Je n'étais pas très chaud pour grimper jusqu'au monastère Merou Anta, par le sentier raide à partir de là où s'arrête la route. J'ai donc proposé à Ishou de le rencontrer devant la mine de schiste, au dessus de la cluse qui coupe la vallée en deux. Il y a là un grand bar-restaurant en bois, à l'entrée du village de Garboulha, où viennent dîner et se reposer les mineurs.

« Descartes et bien d'autres ne manquaient pas d'ironie pour ces association secrètes, » lui opposé-je. « Peut-être, convient-il, mais il n'a jamais nié son appartenance à l'Ordre de la Rose Croix. »

Il y a peu de mineurs dans la salle à cette heure avancée de la matinée. Tous ont commencé leur journée. Je suppose qu'il va bientôt faire très chaud sous ce toit de planches et d'ardoises, dans cette grande pièce exposée au soleil, à moitié enfouie dans la côte rocheuse au dessus de la route.


« L'important, poursuit Ishou, est que la science moderne a été conçue pour ne pas être mise entre toutes les mains. — Le crois-tu vraiment ? Le coupé-je. Qu'elle soit bâtie sur les principes de la Raison, faculté la mieux partagée au monde, me paraît contredire ta thèse. »

« Bien au contraire, reprend-il. C'est parce qu'elle était accessible à tous qu'il importait de ne pas la laisser entre toutes les mains. Les Philosophes craignaient ce que pourraient faire de leurs secrets les princes et les évêques. »

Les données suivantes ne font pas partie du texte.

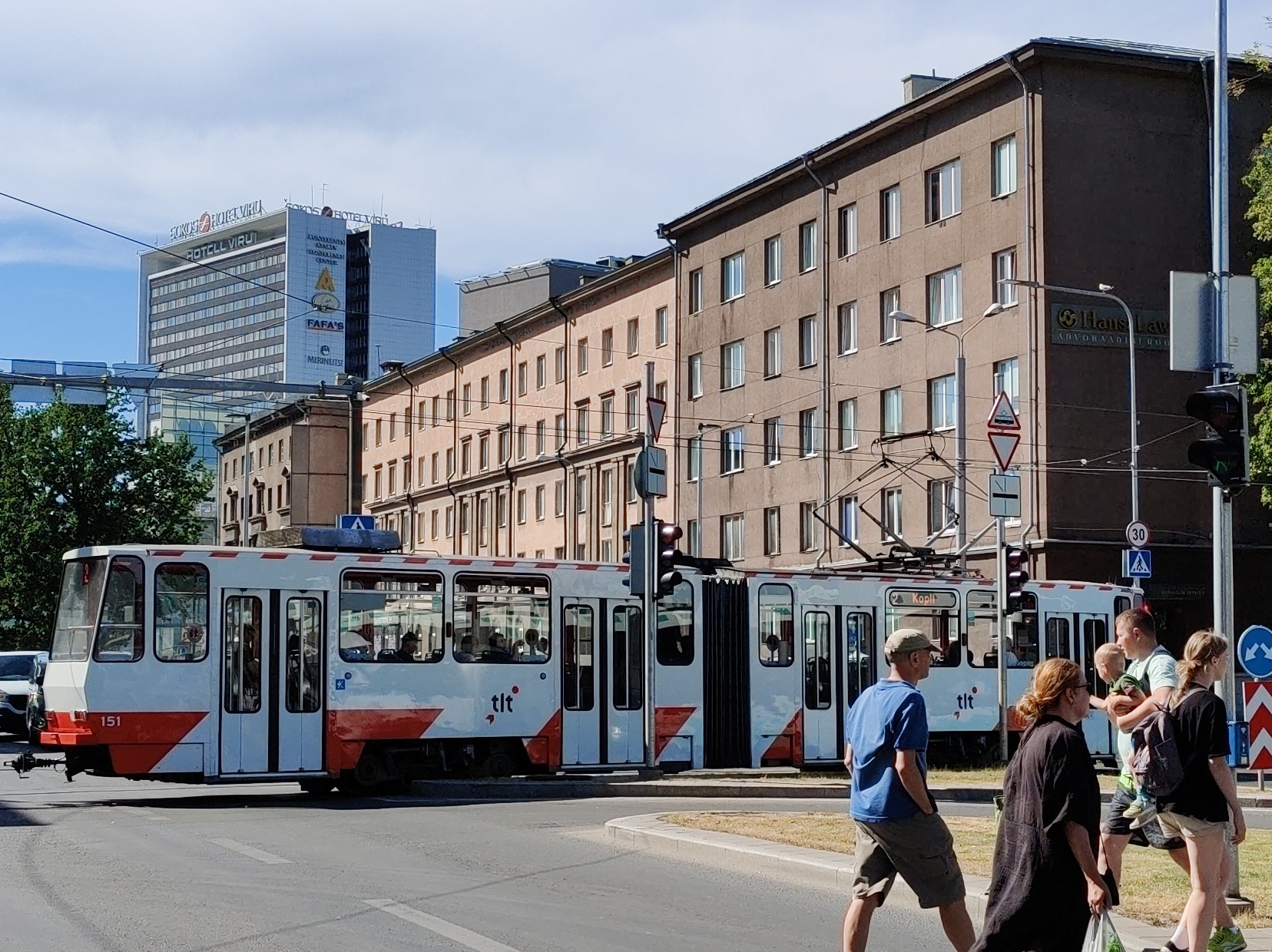 Viru hotel in Tallinn, view along Gonsiori tn-t, in front of the tram. Architects Henno Sepmann, Mart Port rephoto
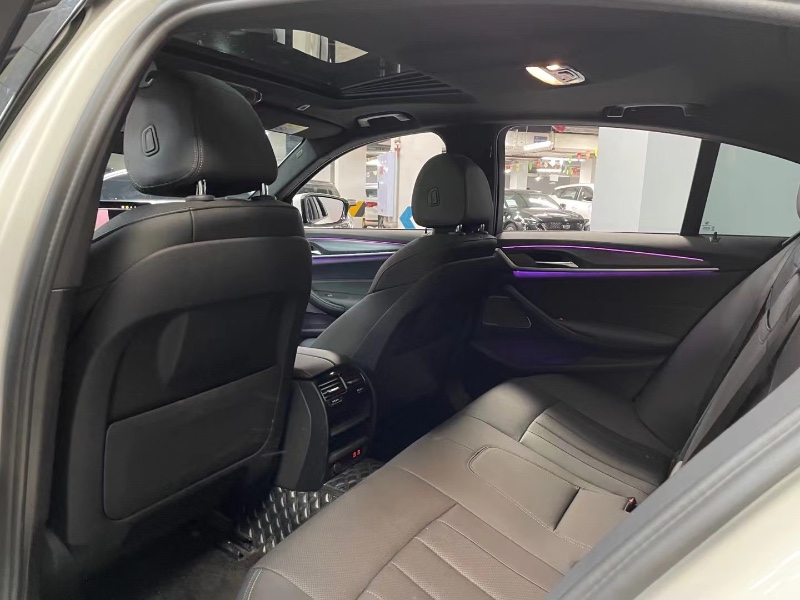 成都21年宝马5系8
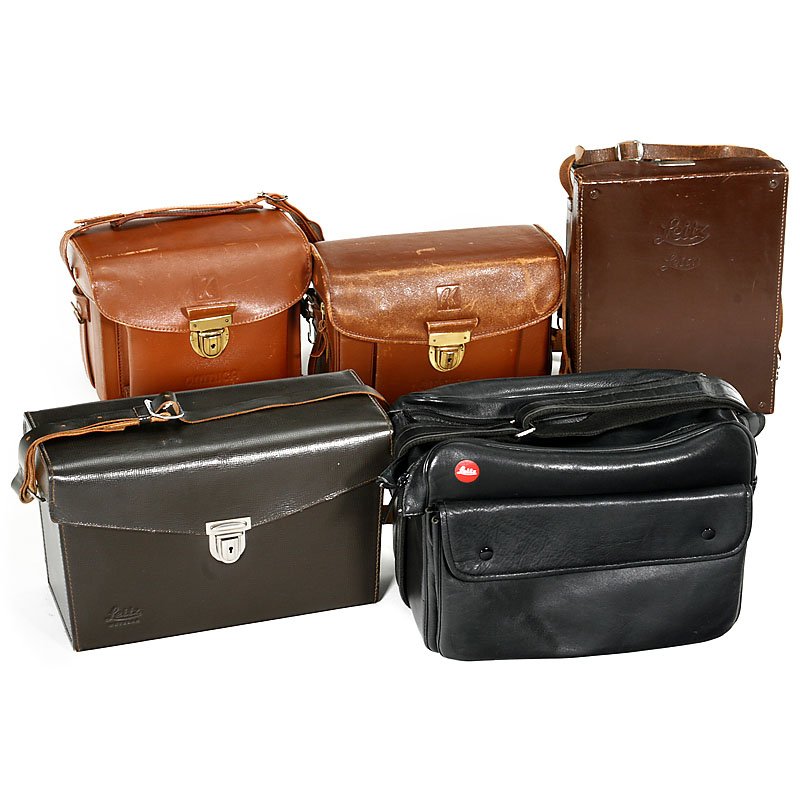 Universal Cases for Leica: Universal Cases for Leica 1) Leitz, Wetzlar. Universal case for screw-mount Leica. – 2) Large soft-leather case, black. – 3) Universal case with insert, brown. – 4) Kritzler, Cologne. Omnica cas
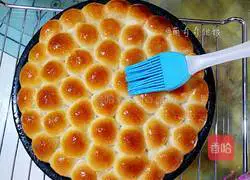 Illustration of how to make money buns 13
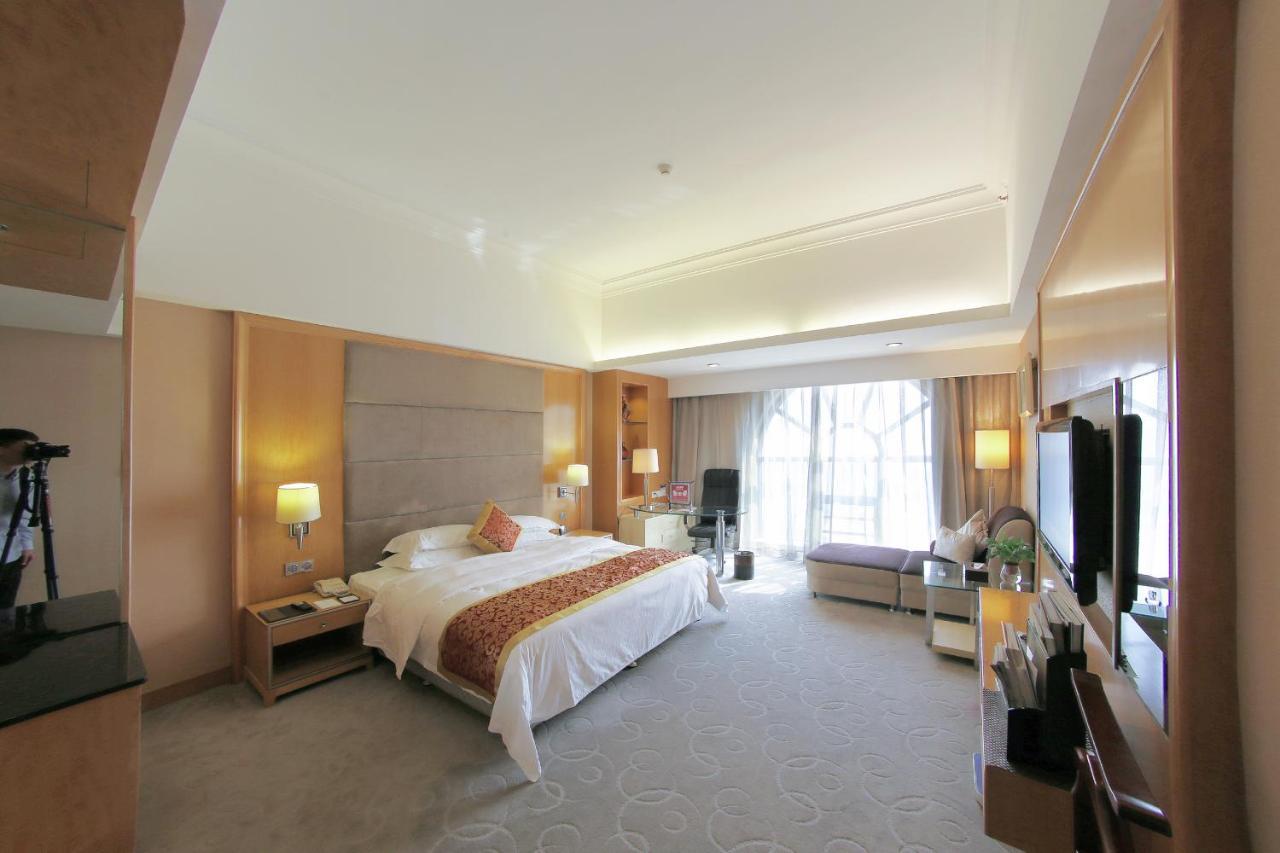 Gladden Hotel Jiangmen Exterior foto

« Dans ce cas, répliqué-je, ils en étaient complices, car ces derniers ne souhaitaient pas non plus qu'une réforme de l'entendement ne vienne émanciper leur peuple. »

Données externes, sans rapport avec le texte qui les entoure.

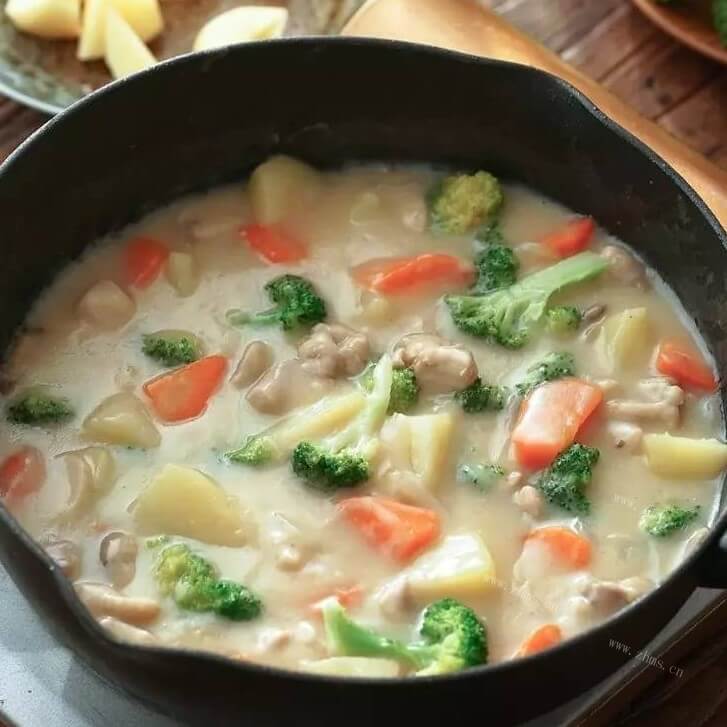 彩色鲜蔬鸡肉奶炖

Le bar est en rondins, percé d'étroites fenêtres dont les volets sont faits de deux pièces de bois. L'une, la plus longue, se soulève vers l'extérieur et, fixée à mi-hauteur, arrête le soleil. L'autre s'abaisse vers l'intérieur, et tenue sur les côtés par deux cordes, fait comme une petite table. On voit les installations minières, en face, bien lointaines pour des ouvriers qui viennent à pieds.

« Tu as raison, me dit Ishou, cette tradition du secret ne vient pas d'un seul camp. Elle est bien réelle cependant, et mine la modernité. »


Encore une fois, il me surprend. Je retrouve une même méfiance envers les « ignorants » chez Jâbir Ibn Hayyan ou chez Sohravardi que chez Valentin Andeas ou Arnaud de Villeneuve.

« Contresens, me dit-il. Ils ne craignaient pas les ignorants ; seulement que la seule connaissance livresque soit inutile sans l'expérience et le labeur. Ce sont les savants occidentaux qui ont redouté qu'on fasse avec leurs secrets des armes d'oppression, et qui ont tenté pour cela de les cacher. Ça ne les a conduits qu'à les rendre inaccessibles aux hommes de bonne volonté, et à l'exact contraire de ce qu'ils recherchaient. »

Le sol est un plancher mal ajusté. Il y a des tables de bois, et aussi des tapis. Nous nous sommes assis sur l'un deux près d'une fenêtre. Elles sont basses et nous voyons la route poussiéreuse devant la rivière.